Ballehage Beach does not have a life guard in the summer but there is a safety station with a lifesaver. It's situated in an area with heavy foot traffic, busy roads and a restaurants. Aarhus Municipality frequently tests the water for bacteria and algae and rates all beaches on a yearly basis. In 2014 and 2015 the beach has received the highest possible 3/3 rating. The water level drops off relatively rapidly and reaches a depth of 2 m some 20 m from the shore. The winter bathing club Vikingebadeklubben Ballehage is based out of the facilities on BAllehage Beach.

== Access ==
The park lies along Ørneredevej in the Marselisborg Forests which can be reached by buses which run from central Aarhus and the Aarhus Central Station. Bus no. 31 depart from the central bus station and stops at "Ørneredevej v.
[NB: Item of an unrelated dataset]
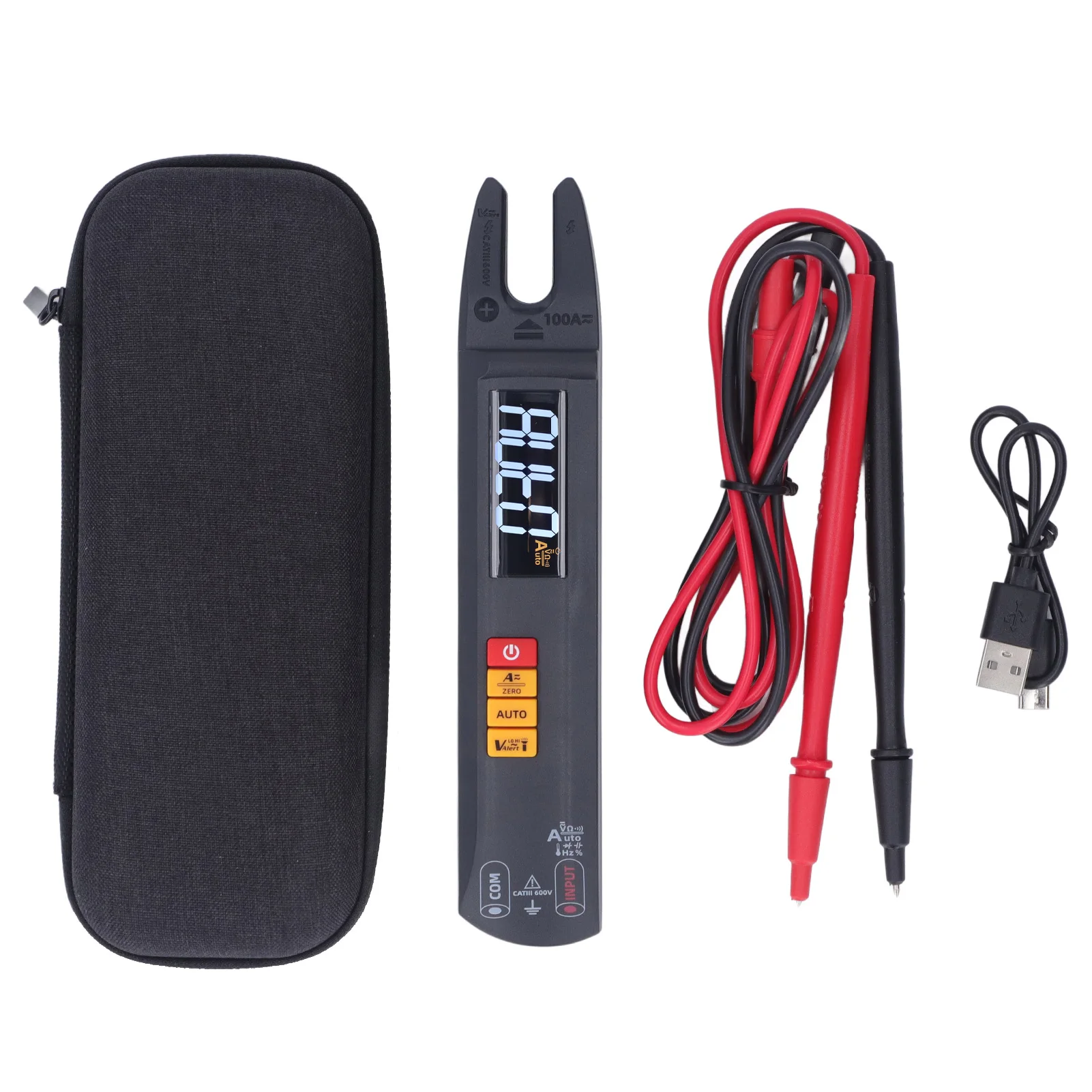 Digital Multimeter High Accuracy Auto Ranging Voltage Current Meter Matching Flashlight Three Display Modes 100A Ammeter Tools
Digital Multimeter High Accuracy Auto Ranging Voltage Current Meter Matching Flashlight Three Display Modes 100A Ammeter Tools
Ballehage" by Ballehage Beach. The Deer Park lies nearby and there is parking there. Danish National Cycle Route 5 runs along the coast of eastern Jutland from Odder Municipality to central Aarhus, passing through the Marselisborg Forests and by Ballehage Beach, before it continues north to Den Permanente, Bellevue Beach and Åkrogen. It's possible to walk the 4 km. along the coast from Indre by and Marselisborg Yacht Harbour lies 2 km. north of the beach, providing access by sea for smaller boats and ships that can dock at the jetty.